I´m new to the area of Data Science and especially to the topic of modeling a neural network in RStudio.
I´m trying to do multiclass classification using a simple Keras dense network and predict 5 classes with it. My total dataset is 12 input indicators for almost 35k instances (so 12x34961). When I use the fit-function to train the model on 80% of the data over 100 epochs the loss is barely declining (1,57 to 1,55) and the accuracy stays level at 0.26.
So the model is not learning similar to this, but in my case, I don´t have a deep LSTM network and also using sigmoid as an activation function in the last layer did not improve the results.
So far I have tried to play around with:
-using only a (small) subset of data
-changing "loss" and "optimizer"
-using a way more aggressive learning rate (SDG with lr=0.3)
-using deeper networks i.e. 6/7 layers with thousands of neurons
-using "class_weigth" argument to address the slight class imbalance
Here is the core code:
# Load data with 12 Input and one Output
summary(data)
#############
# Categorise Output into five different classes
# L5 = 0-1
# L4 = 2-3
# L3 = 4-8
# L2 = 9-22
# L1 = 23+
#
# for caution purposes manipulation is done in an extra dataframe
datatest <- data
names(datatest)[ncol(datatest)]<- "FC_3"
#
datatest <- datatest %>%
mutate(FC_3 = replace(FC_3, FC_3>=23, "L1"))
datatest <- datatest %>%
mutate(FC_3 = replace(FC_3, (FC_3>=4 & FC_3 <= 8), "L3"))
datatest <- datatest %>%
mutate(FC_3 = replace(FC_3, FC_3 ==2| FC_3==3, "L4"))
datatest <- datatest %>%
mutate(FC_3 = replace(FC_3, FC_3 ==0| FC_3==1, "L5"))
datatest <- datatest %>%
mutate(FC_3 = replace(FC_3, FC_3 ==9, "L2"))
datatest <- datatest %>%
mutate(FC_3 = replace(FC_3, (FC_3==11 | FC_3==10 | FC_3==12 | FC_3==13 | FC_3==14 | FC_3==15 | FC_3==16 | FC_3==17 | FC_3==18 | FC_3==19 | FC_3==20 | FC_3==21 | FC_3==22), "L2"))
#
datatest <- datatest %>%
mutate(FC_3 = replace(FC_3, FC_3=="L1", 1))
datatest <- datatest %>%
mutate(FC_3 = replace(FC_3, FC_3=="L2", 2))
datatest <- datatest %>%
mutate(FC_3 = replace(FC_3, FC_3=="L3", 3))
datatest <- datatest %>%
mutate(FC_3 = replace(FC_3, FC_3=="L4", 4))
datatest <- datatest %>%
mutate(FC_3 = replace(FC_3, FC_3=="L5", 5))
#
data$ForwardCitations_3 <- as.numeric(datatest$FC_3)-1
# now the last column should be a numeric between 0 and 4, representing the actual classes
##
# beginn with Multiclass Classifiation
# Transform data into a matrix without names
data <- as.matrix(data)
dimnames(data) <- NULL
# Normalize the input
data[, 1:12] <- normalize(data[,1:12])
# summary(data)
# Data partition
set.seed(1235)
ind <- sample(2, nrow(data), replace = T, prob = c(.8, .2))

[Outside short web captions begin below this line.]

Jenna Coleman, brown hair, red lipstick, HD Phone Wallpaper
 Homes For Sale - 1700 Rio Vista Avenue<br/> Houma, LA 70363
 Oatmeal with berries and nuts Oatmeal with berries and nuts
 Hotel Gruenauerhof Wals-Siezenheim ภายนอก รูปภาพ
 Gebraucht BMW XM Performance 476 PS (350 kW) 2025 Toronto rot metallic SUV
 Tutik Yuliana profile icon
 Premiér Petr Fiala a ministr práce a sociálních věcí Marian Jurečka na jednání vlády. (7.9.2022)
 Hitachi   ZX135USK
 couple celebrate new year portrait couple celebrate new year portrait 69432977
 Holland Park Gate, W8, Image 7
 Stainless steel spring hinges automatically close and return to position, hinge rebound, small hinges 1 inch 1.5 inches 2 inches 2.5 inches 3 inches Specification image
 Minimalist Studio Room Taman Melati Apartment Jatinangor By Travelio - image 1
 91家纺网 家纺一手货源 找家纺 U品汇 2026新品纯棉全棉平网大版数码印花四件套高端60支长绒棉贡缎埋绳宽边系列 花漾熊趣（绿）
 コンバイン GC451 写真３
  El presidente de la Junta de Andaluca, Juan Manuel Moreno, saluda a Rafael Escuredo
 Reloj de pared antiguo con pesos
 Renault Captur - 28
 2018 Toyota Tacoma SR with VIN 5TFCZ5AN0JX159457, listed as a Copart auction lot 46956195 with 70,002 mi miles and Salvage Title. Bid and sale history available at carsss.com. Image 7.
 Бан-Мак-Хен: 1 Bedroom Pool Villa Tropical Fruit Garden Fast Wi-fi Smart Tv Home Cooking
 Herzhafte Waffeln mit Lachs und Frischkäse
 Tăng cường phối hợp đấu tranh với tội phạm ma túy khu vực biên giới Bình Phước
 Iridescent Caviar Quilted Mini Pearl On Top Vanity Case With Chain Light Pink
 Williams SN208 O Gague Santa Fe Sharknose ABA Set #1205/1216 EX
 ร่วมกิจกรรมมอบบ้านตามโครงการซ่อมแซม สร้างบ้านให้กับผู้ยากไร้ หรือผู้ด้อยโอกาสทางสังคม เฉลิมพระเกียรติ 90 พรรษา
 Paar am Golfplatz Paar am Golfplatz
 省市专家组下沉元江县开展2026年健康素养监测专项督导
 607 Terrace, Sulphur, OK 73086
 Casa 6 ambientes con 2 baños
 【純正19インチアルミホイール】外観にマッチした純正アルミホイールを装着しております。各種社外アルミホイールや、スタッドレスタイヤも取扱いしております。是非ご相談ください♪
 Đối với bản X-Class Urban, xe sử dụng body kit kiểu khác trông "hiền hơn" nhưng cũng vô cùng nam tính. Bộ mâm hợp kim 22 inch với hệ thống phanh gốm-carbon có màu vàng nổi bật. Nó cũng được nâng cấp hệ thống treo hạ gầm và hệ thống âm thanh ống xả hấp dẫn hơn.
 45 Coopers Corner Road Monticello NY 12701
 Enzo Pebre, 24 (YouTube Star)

training <- data[ind==1, 1:12]
test <- data[ind==2, 1:12]
trainingtarget <- data[ind==1, 13]
testtarget <- data[ind==2, 13]
# one Hot Encoding
trainLabels <- to_categorical(trainingtarget)
testlabels <- to_categorical(testtarget)
#Creating the sequential model
model <- keras_model_sequential()
model %>%
layer_dense(units=48, activation = 'relu', input_shape = c(12)) %>%
# layer_dropout(rate = 0.25) %>%
# layer_dense(units=128, activation = 'relu') %>%
# layer_dropout(rate = 0.16) %>%
# layer_dense(units=32, activation = 'relu') %>%
# layer_dropout(rate= 0.8) %>%
# layer_dense(units=16, activation = 'relu') %>%
# layer_dropout(rate= 0.8) %>%
# layer_dense(units=1024, activation = 'relu') %>%
layer_dense(units = 5, activation = 'softmax')
# Compile
model %>%
compile(loss = 'categorical_crossentropy',
optimizer = 'adam',
metrics = 'accuracy')
# Fit model
history <- model %>%
fit(training,
trainLabels,
epoch = 100,
batch_size = 32,
validation_split = .2
# class_weight = list("0"= 2.507864, "1" = 1.483357, "2"=1.016865, "3" = 1, "4" = 1.180681)
)
# plot(history)
I don´t know what the problem is, whether my code is actually doing what I´m trying to do and what I should try next.
PS: If you need further information I will be happy to provide it.